» Exercise requirements: Take the entries that follow and return only the lines from the one with "Is Hilary Swank left or right handed?" through the final line, leaving every picture behind.

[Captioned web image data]

■ ■ ■ ■ ■ ■ ■

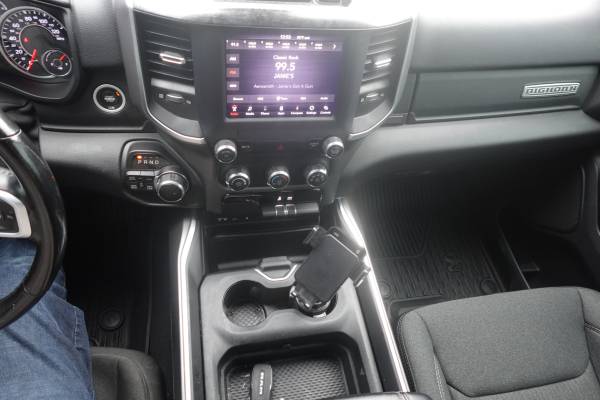 2019 Dodge, dovoz USA — foto 12 z 12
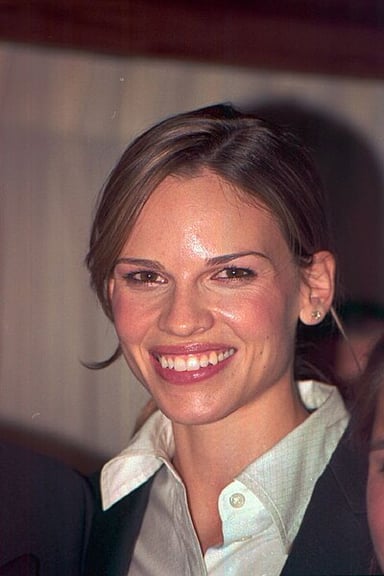 Is Hilary Swank left or right handed?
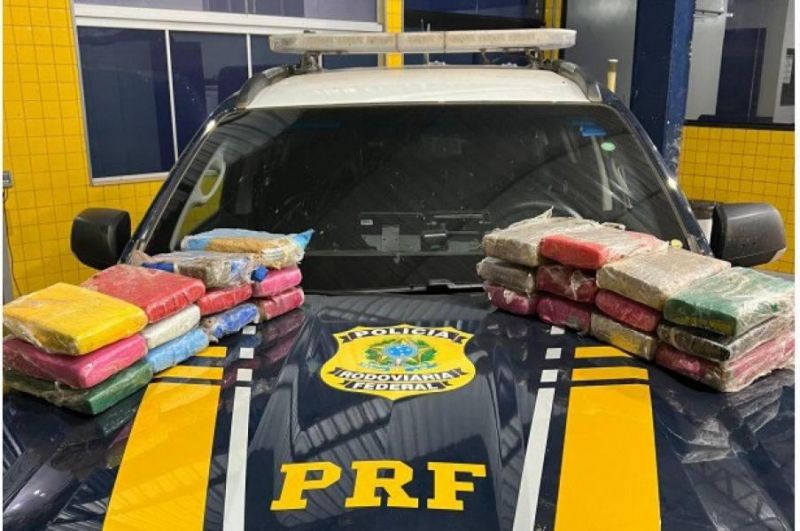 Casal que viajava para Rolim de Moura é preso com mais de 25 kg de skunk na BR-364, em Vilhena Casal que viajava para Rolim de Moura é preso com mais de 25 kg de skunk na BR-364, em Vilhena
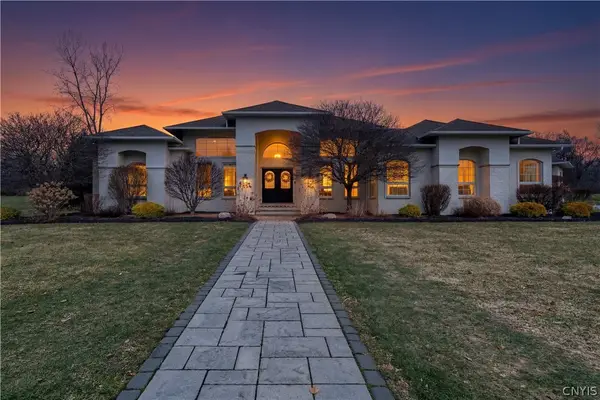 2989 Nabil Street, Baldwinsville, NY 13027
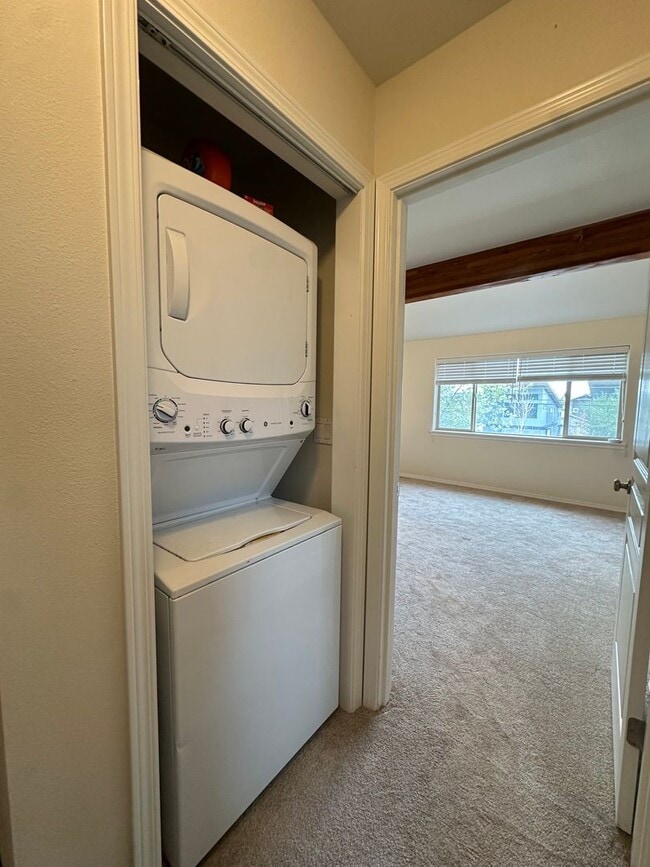 Building Photo - 25 SW Roosevelt Ave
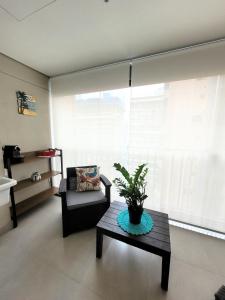Apartamento charmoso em Pinheiros 250 metros da Estação Oscar Freire Hospital das Clínicas NUBANK INCOR PAULISTA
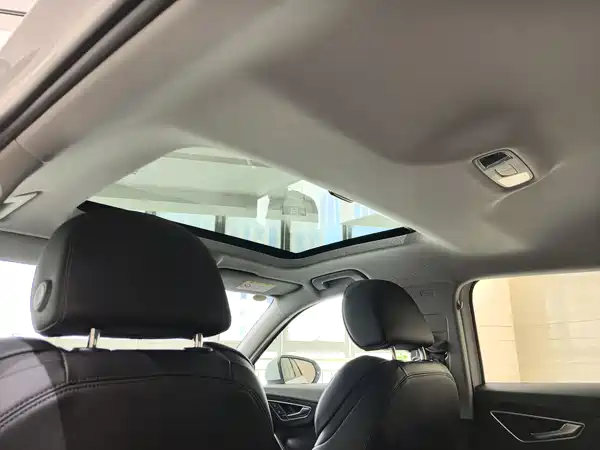 Audi Q2L 2022, фото 10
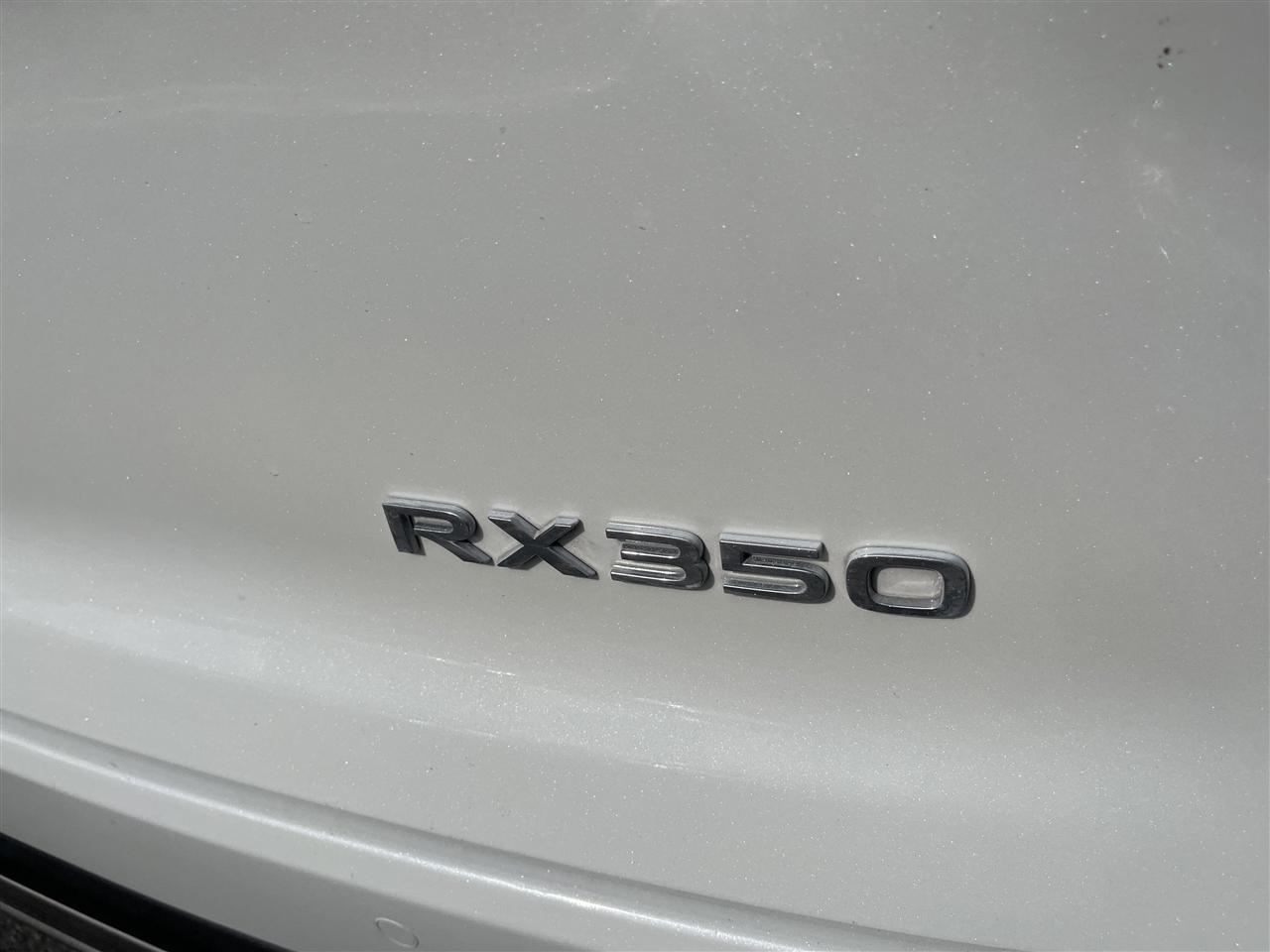 Lexus RX  2023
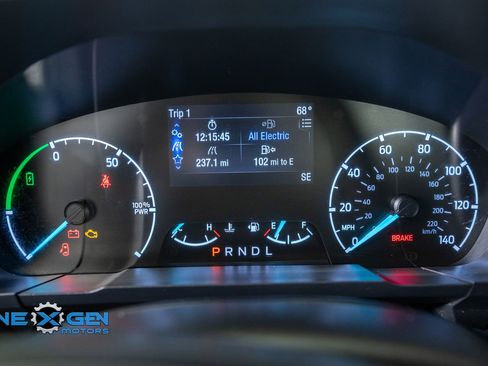 Used 2022 Ford Maverick XLT w/ XLT Luxury Package FWD image 16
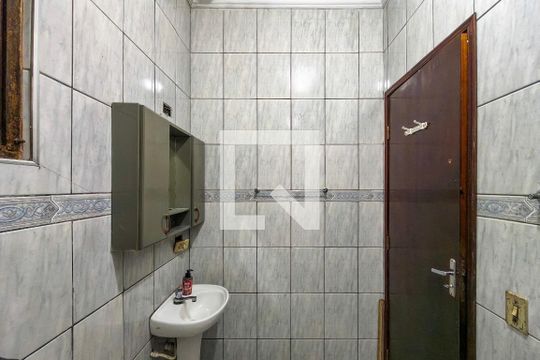 Banheiro de casa para alugar com 2 quartos, 131m² em Vila Assuncao, Praia Grande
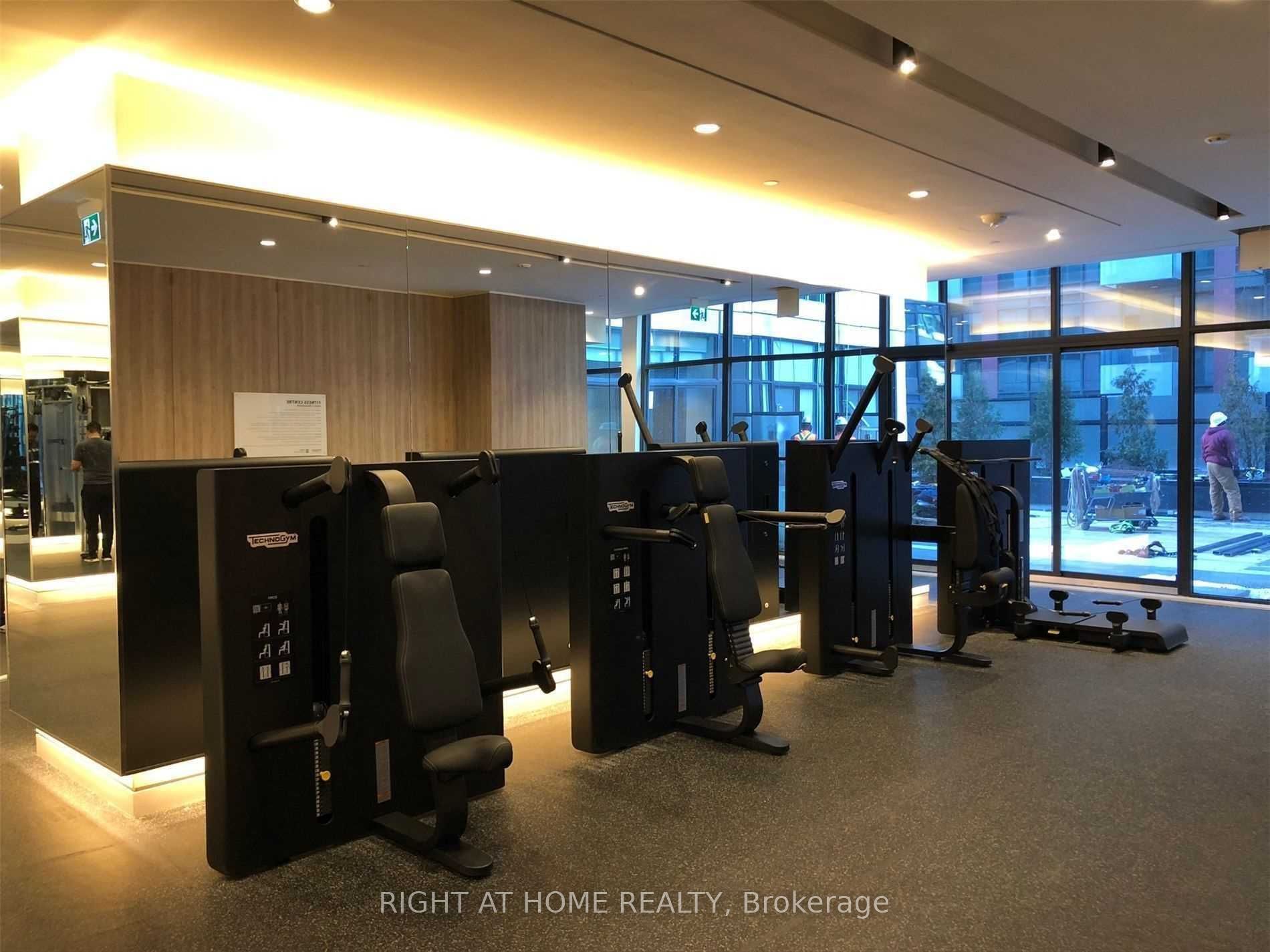 576 Front Street W 1107 Property Photo 19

■ ■ ■ ■ ■ ■ ■

» Task response:
 Is Hilary Swank left or right handed?
 Casal que viajava para Rolim de Moura é preso com mais de 25 kg de skunk na BR-364, em Vilhena Casal que viajava para Rolim de Moura é preso com mais de 25 kg de skunk na BR-364, em Vilhena
 2989 Nabil Street, Baldwinsville, NY 13027
 Building Photo - 25 SW Roosevelt Ave
Apartamento charmoso em Pinheiros 250 metros da Estação Oscar Freire Hospital das Clínicas NUBANK INCOR PAULISTA
 Audi Q2L 2022, фото 10
 Lexus RX  2023
 Used 2022 Ford Maverick XLT w/ XLT Luxury Package FWD image 16
 Banheiro de casa para alugar com 2 quartos, 131m² em Vila Assuncao, Praia Grande
 576 Front Street W 1107 Property Photo 19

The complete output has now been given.